### [HOW TO COMPLETE THIS TASK]
What is needed is an exact copy of the entries below, from the line that contains "Жизнь в Турции" through the final line, both included, and nothing else.

### [DATA RECORDS]
--

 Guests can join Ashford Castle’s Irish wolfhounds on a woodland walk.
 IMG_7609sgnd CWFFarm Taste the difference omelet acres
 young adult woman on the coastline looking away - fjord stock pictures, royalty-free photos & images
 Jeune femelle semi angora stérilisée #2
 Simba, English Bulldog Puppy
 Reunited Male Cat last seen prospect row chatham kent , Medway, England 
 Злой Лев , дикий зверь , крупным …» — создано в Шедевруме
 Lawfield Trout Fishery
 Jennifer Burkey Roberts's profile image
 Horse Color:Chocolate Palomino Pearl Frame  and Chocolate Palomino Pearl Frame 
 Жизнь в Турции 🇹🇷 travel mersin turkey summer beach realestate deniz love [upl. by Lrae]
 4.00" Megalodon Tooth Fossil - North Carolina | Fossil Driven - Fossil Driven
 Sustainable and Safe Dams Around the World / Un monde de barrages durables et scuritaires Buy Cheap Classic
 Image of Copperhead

--

### [RESPONSE TO THIS TASK]
 Жизнь в Турции 🇹🇷 travel mersin turkey summer beach realestate deniz love [upl. by Lrae]
 4.00" Megalodon Tooth Fossil - North Carolina | Fossil Driven - Fossil Driven
 Sustainable and Safe Dams Around the World / Un monde de barrages durables et scuritaires Buy Cheap Classic
 Image of Copperhead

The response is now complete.